I really want to sell this stock, but I'm wondering what my "real" basis is. Is it my allowance, or since they put it in their name, is it the fair market value as of the date I received it, or something else?>>>>

"As always, it depends. <g> In general, your cost basis will be the same as your parents' cost when they purchased the stock. However, if the stock was worth less on the day they transfered it to you than their cost, you need to keep track of both amounts. In this case, any gain will be calculated from the market value on the transfer date, and any loss will be calculated from their purchase price. You must look at each purchase of stock independently of the others.

Second, if the value of the stock was more than $11,000 on the transfer date ($22,000 if the stock had been purchased in both your parents' names), your parents will have to file a gift tax return declaring the gift.
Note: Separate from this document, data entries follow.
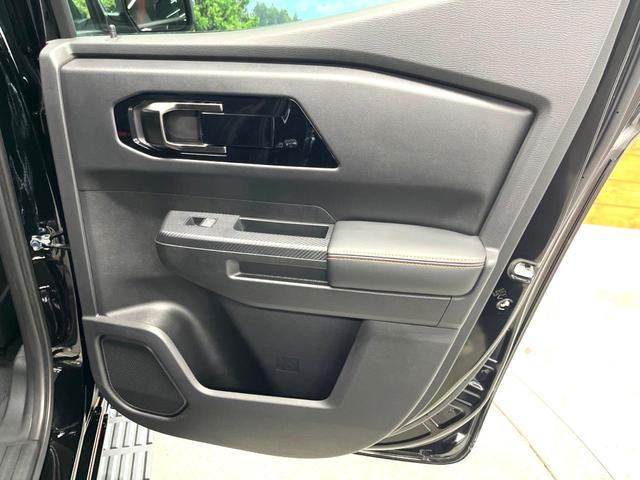 トライトン GSR 4WD ディーゼル 純正9インチナビ 全周囲カメラ eーアシスト AppleCarPlay レーダークルーズ 禁煙車 黒本革シート シートヒーター シートエアコン パワーシート コーナーセンサー(33枚目)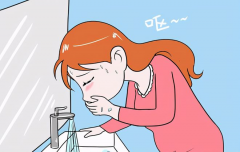 孕吐“爆表”非因娃性别，背后真相你要知！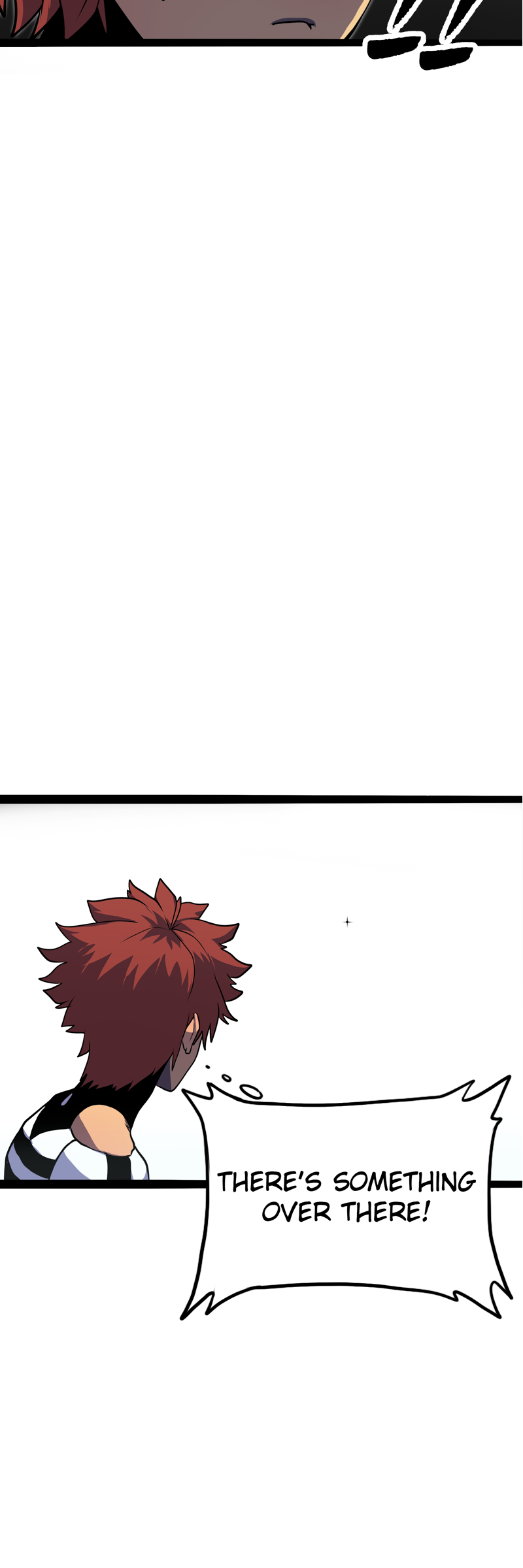 God Game Chapter 0.1 - page 15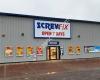 Screwfix Stowmarket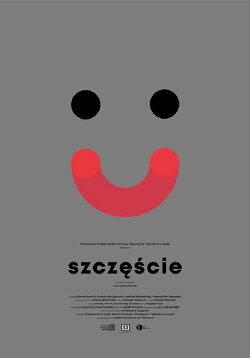 Happiness (2018)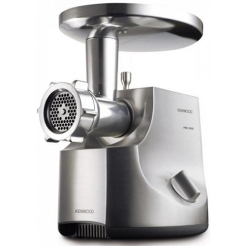 Meat Grinder Kenwood MG700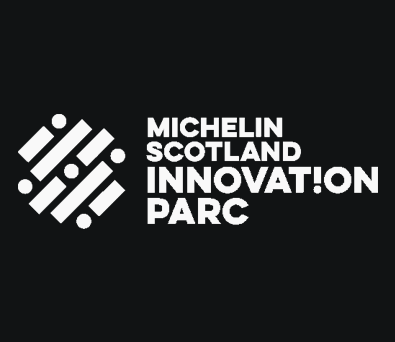 Video Production Clients 30 Michellin Scotland Innovation Parc Logo Son Of the Sea Video Production | Creative Video Services UK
Generally, they won't owe any gift tax at this time, but if they do, the tax paid is an adjustment to your cost basis in the stock.

Finally, don't forget to thank your parents for their foresight in making you invest your allowance and not spend it all as soon as you earned it."

Ira or any of the other tax pros: Any chance that the "put it in their name" was simply a nominee holding title, but not equitable interest, for a minor child, so that the change of name from parents to OP is only a change of record owner, but no change in real owner, and thus not a taxable event?

I doubt that conversion of UGMA or UTMA accounts to the now majority age child trigger a taxable event.